Все смеются. Алиса предоставляет возможность мужчинам вести беседу и погружается в задумчивость. Какого черта она надела этот дурацкий костюм? Как он сказал? «Портрет Эдварда Кертиса»? Она могла бы догадаться: стоит немножко выпендриться, чуть-чуть приодеться по случаю, и какой-нибудь бывший герой, истосковавшийся по славе, непременно выльет тебе помои на голову.

Мужчины болтают и пьют пиво. Она раздвигает губы в улыбке и затихает. Огромный парус, полощущийся в небе, напоминает ей укоризненный палец отца Прибылова: «Ай-ай-ай, Алиса, вспомни, что я тебе всегда говорил – люди выходят из себя, а в один прекрасный день уже не могут вернуться обратно».

Когда пиво заканчивается, Николай предлагает совершить небольшую экскурсию на склад яхты «так сказать, для предварительного ознакомления». Но Алиса вежливо отказывается.

– Идите, ребята. А у меня еще есть дела.

– Мама! – Сын наклоняется и, прежде чем она успевает возразить, театрально целует ее в голову. – Ты слишком много работаешь.

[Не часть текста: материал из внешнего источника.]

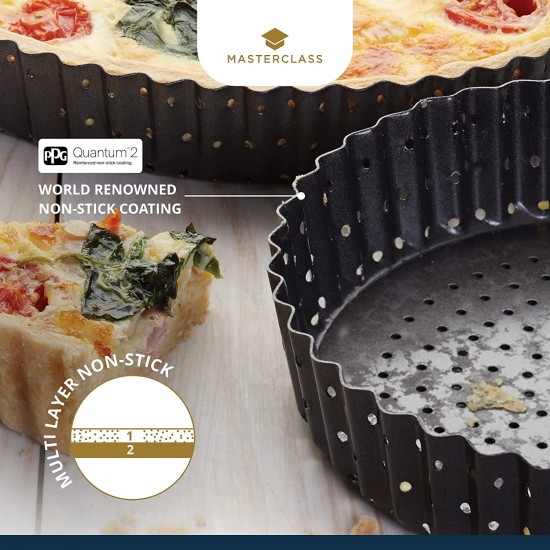 Shop quality Master Class Crusty Bake Non-stick Fluted Round  Quiche Tin, 18cm in Kenya from vituzote.com Shop in-store or online and get countrywide delivery!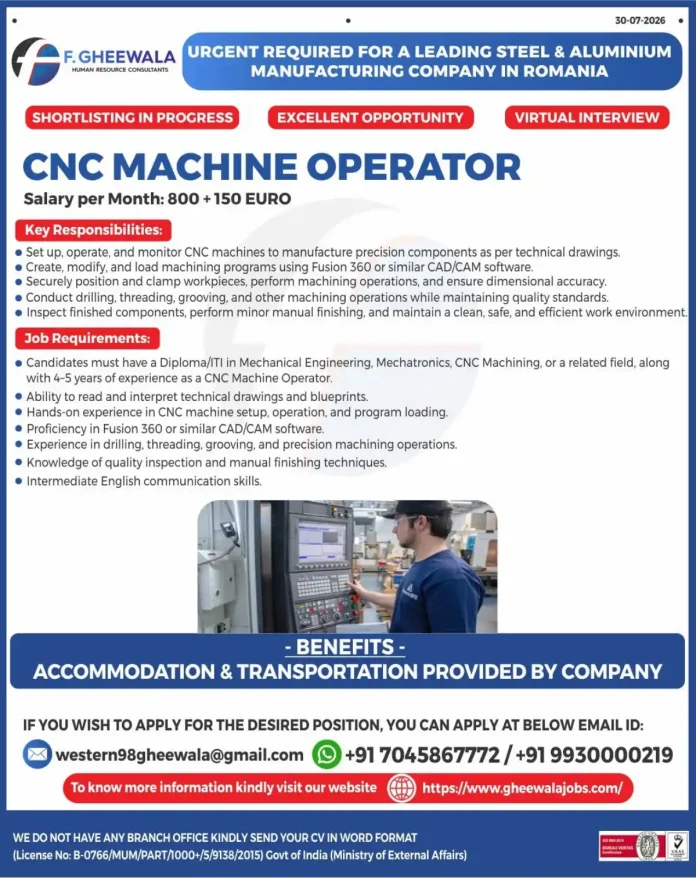 CNC Machine Operator jobs in Romania by F. Gheewala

И для того чтобы скрыть свое замешательство, Алиса не менее театрально начинает удаляться, помахивая бутылкой и позвякивая своим платьем. Как только она пересекает стоянку и оказывается вне видимости стоящих на причале, она опирается на пустой барабан из-под проводов и блюет на бетон. Ее выворачивает с такой силой, что в крепко закрытых глазах начинают мелькать блестящие мушки. Придя в себя, она прополаскивает рот шампанским и выплевывает его на барабан.

– Ебаное дерьмо, – наконец произносит она и допивает последний глоток. В конце концов, это ей подарили на День матери.

Не выпуская бутылку из рук, она доходит до центрального перекрестка. Ярость, проснувшаяся на причале, продолжает закипать, но она держит ее под контролем. Она любезно кивает прохожим, постоянно напоминая себе о грозящем пальце «ай-ай-ай, Алиса», и, смиряясь, идет дальше. Даже когда Алиса доходит до распахнутой двери «Горшка» и слышит доносящийся оттуда разнузданный хохот (уж не над ней ли смеются?), она заставляет себя пройти мимо. Она не останавливается даже тогда, когда два полицейских при виде ее наряда разражаются старинной песней «Из страны с водой лазурной…». Она идет дальше, когда один из близнецов Луп, сидящих в пикапе, сплевывает ей под ноги фисташковую шелуху – то есть она прошла бы дальше, если бы на нее не набросилась их чертова лайка, которую они возят с собой на цепи.